1. A certain metaphysics of architecture presents itself as architecture itself.
2. But the concept of architecture is a construct.
14. Eisenman: autonomy depends on distancing oneself from the design process.
15. The arbitrary text is selected more or less at random, and the architect accepts the consequences even if they violate the architect’s taste.
16. This reverses the traditional opposition between essence and accident.
1. Eisenman uses a text from outside architecture: for example, his use of DNA in his BioCentrum piece.
2. Another example: scaffolding for the Wexner.
3. The architect chooses some materially applicable aspect of the text and gives it equal influence to the usual texts, resulting in betweenness.
4. The text functions analogically: only certain of the aspects of the arbitrary text are transplanted by the architect.
17. It is forced metaphor, “catachresis,” which can bring revelation.
18. This is not unlike Nietzsche’s idea of the Apollonian imposition upon the Dionysian.
19. The Wexner center is a non-building that instantiates betweenness, although it still functions by providing shelter: unlike modern architecture, it neither represents nor celebrates function or shelter.
20. Eisenman is comfortable with the idea of not wanting to live in one of his houses: the issue here is not about satisfying comfort.
21. He does not believe his art should replace all other kinds.
22. The arbitrary text replaces the architect in the role of the arbiter. For example, a column is allowed to fall on a major stairway.
1. Eisenman’s use of arbitrary text undermines the search for origins.
23. Architecture does not lack the philosophical depth that paintings and novels have: as Eisenman’s work shows, it thinks about the possibilities of self.
Comment: Although Eisenman shares with Venturi a criticism of the modernism of Le Corbusier his main purpose is to overcome traditional notions of architecture including the idea of architecture as decorated shed. In overcoming all oppositions and arguing for betweenness he, and his fellow deconstructivists, seek to reject all of the philosophers, art critics and artists we have read, except for Kant, who stresses the importance of autonomy and the sublime, and Greenberg in thinking that architecture should be self-critical and should oppose kitsch. He (and his philosopher ally, Derrida) opposes Plato and Le Corbusier in his rejecting eternal essences and essential forms, Hume in rejecting taste, Bell in rejecting significant form, Venturi in rejecting traditional forms, Venturi and Solomon in rejecting kitsch (in terms of comfort and soothing ideas), Scruton in rejecting centrality of context and place, and Collingwood in rejecting art as expression. (He also opposed Dickie who we will read latter, for accepting the institutionality of art.) None of these, he believes, allow other voices to speak. He seems most like Nietzsche in stressing the Dionysian aspect of the Dionysian/Apollonian duality in art and in allowing for the destruction of self in art, and perhaps Bell in the idea of ecstasy (ecstasis). He is also like Heidegger (with whom Derrida has an ambiguous love/hate relationship) in believing that art should allow truth to happen, and who questions our complacency.
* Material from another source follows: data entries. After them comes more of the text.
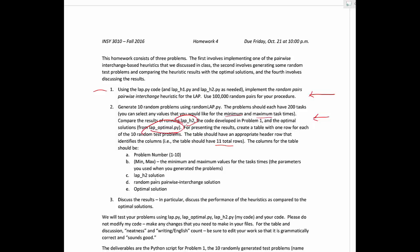The LAPH2 solution, again, this is my code, then the random pairs pairwise interchange solution, this is your code that was developed for problem one, and the optimal solution, which, again, will use my code.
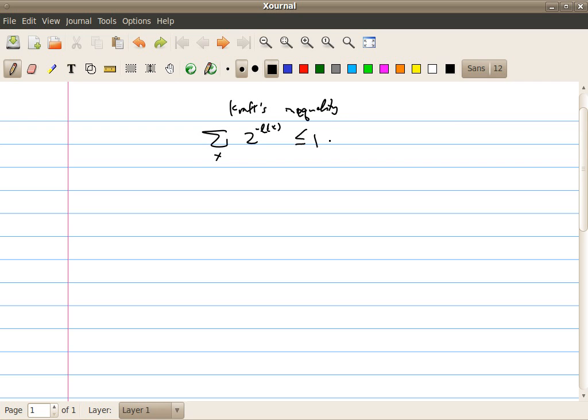So in this segment, we want to show that given this constraint, it's impossible to find a code such that we can compress a source to a rate lower than the Shannon entropy — or like, we cannot compress more than the rate limited by the Shannon entropy.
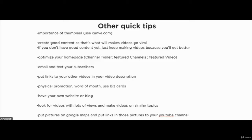Canva is a free tool. When you register and create your free account, you'll be able to use all their templates. They have templates for e-covers, website banners, social media banners, and YouTube thumbnails. You can also go look at thumbnails on YouTube that grab your attention and model your own thumbnails after those.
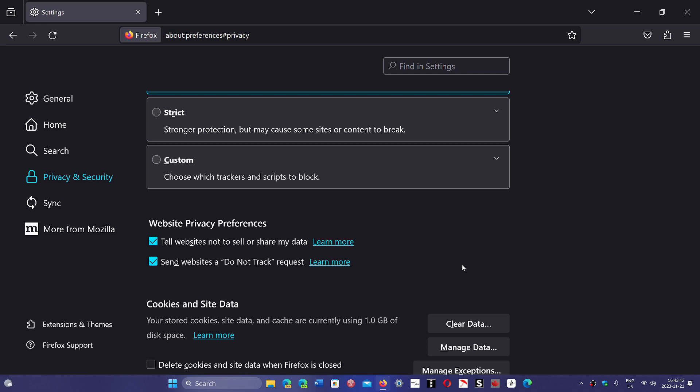There are places like for example California where regulations now actually include this, meaning if you have told a website not to sell or share your data and you're in California, and the website you visited sold your data or has tracked you in some way, if you have do not track, they could be liable actually for being sued for not following regulations.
His is an architecture that seems to exist for the sake of challenging convention. He may, finally, be like Socrates in Plato’s “The Cave”: someone who tries to tear us from our complacent seat in the cave where we accept all the shadows on the cave wall as real.
Questions.
1. Read the interview of Derrida by Christopher Norris. Does Derrida confirm the position attributed to him by Goldblatt in his article, or is his view different in any way?
2. Do you think that the Modernism of Corbusier and the Postmodernism of Venturi are guilty of the weaknesses described by Goldblatt and Eisenman?
3. Given the idea that each age has its own definition of architecture what would the definition of architecture be for the age of Deconstructivist architecture?